AVAILABLE DATA:

- - - - -

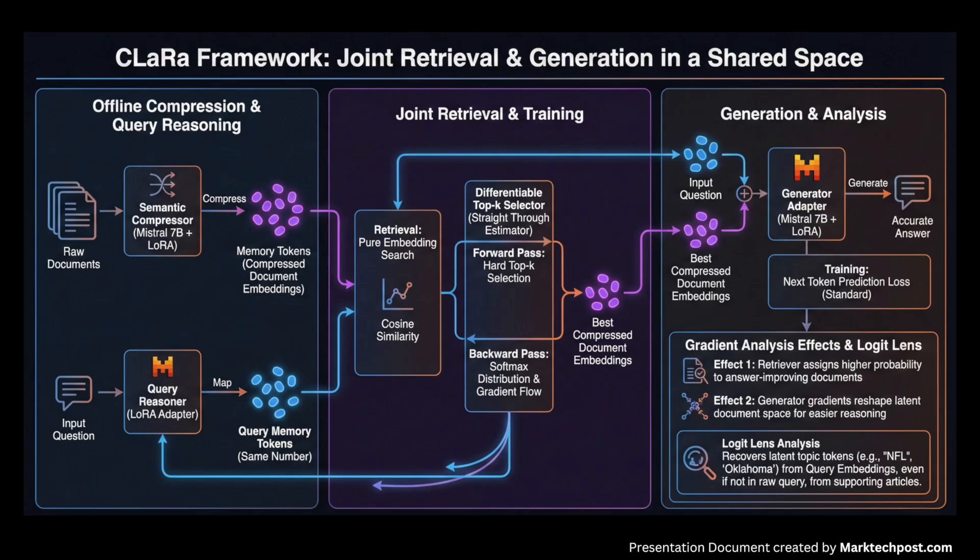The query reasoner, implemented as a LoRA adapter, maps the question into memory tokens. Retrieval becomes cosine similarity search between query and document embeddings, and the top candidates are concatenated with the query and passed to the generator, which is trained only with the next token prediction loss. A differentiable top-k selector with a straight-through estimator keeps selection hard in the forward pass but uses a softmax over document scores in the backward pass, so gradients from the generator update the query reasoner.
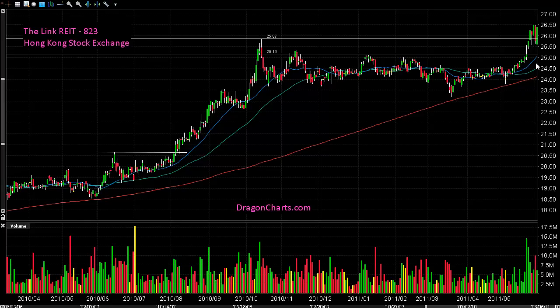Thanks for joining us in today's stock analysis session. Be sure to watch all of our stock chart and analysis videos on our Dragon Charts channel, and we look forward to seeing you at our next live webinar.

- - - - -

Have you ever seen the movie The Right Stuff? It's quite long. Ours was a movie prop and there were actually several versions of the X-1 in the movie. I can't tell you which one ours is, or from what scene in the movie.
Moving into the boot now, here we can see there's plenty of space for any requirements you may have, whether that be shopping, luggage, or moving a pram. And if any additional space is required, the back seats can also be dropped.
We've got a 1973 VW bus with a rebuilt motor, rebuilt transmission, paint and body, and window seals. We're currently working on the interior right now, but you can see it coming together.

- - - - -

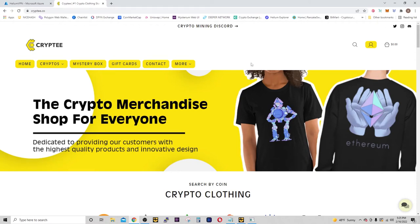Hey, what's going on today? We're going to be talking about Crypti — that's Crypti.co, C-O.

- - - - -

BRIEF:
When the line with "Moving into the" is reached in the data above, begin copying, and stop after the line with "We've got a"; copy each line exactly, both ends included.

ANSWER SPACE:
Moving into the boot now, here we can see there's plenty of space for any requirements you may have, whether that be shopping, luggage, or moving a pram. And if any additional space is required, the back seats can also be dropped.
We've got a 1973 VW bus with a rebuilt motor, rebuilt transmission, paint and body, and window seals. We're currently working on the interior right now, but you can see it coming together.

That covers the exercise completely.